What is expected: Produce a word-for-word copy of the data that follows, excluding images.

Given information:
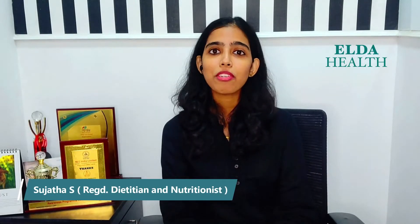Welcome everyone. I am Sujata, a registered dietitian and nutritionist based in Chennai. Helping people make the right kind of food choices is what I do. Now, what exactly should you do to ensure that your gut bacteria has the appropriate environment to grow?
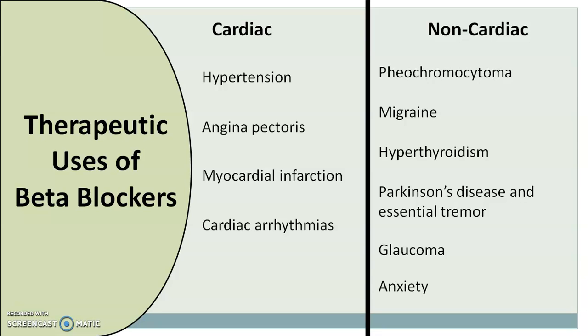Beta blockers can be used in anxiety — propranolol and other beta blockers suppress the objective signs of anxiety like diarrhea, palpitation, tachycardia, and tremor, and can be effectively used to treat these signs. Along with all these, propranolol can also be used in conditions like recurrent gastrointestinal bleeding in cirrhotic patients, schizophrenia, tardive dyskinesia, and acute panic symptoms.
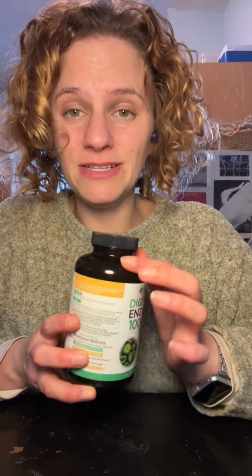They have digestive enzymes from agave and inulin, amylase, papain, protease A — all of these — and a complex of nine to ten different probiotics for a total of 10 billion CFU per serving.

Result of this exercise:
Welcome everyone. I am Sujata, a registered dietitian and nutritionist based in Chennai. Helping people make the right kind of food choices is what I do. Now, what exactly should you do to ensure that your gut bacteria has the appropriate environment to grow?
Beta blockers can be used in anxiety — propranolol and other beta blockers suppress the objective signs of anxiety like diarrhea, palpitation, tachycardia, and tremor, and can be effectively used to treat these signs. Along with all these, propranolol can also be used in conditions like recurrent gastrointestinal bleeding in cirrhotic patients, schizophrenia, tardive dyskinesia, and acute panic symptoms.
They have digestive enzymes from agave and inulin, amylase, papain, protease A — all of these — and a complex of nine to ten different probiotics for a total of 10 billion CFU per serving.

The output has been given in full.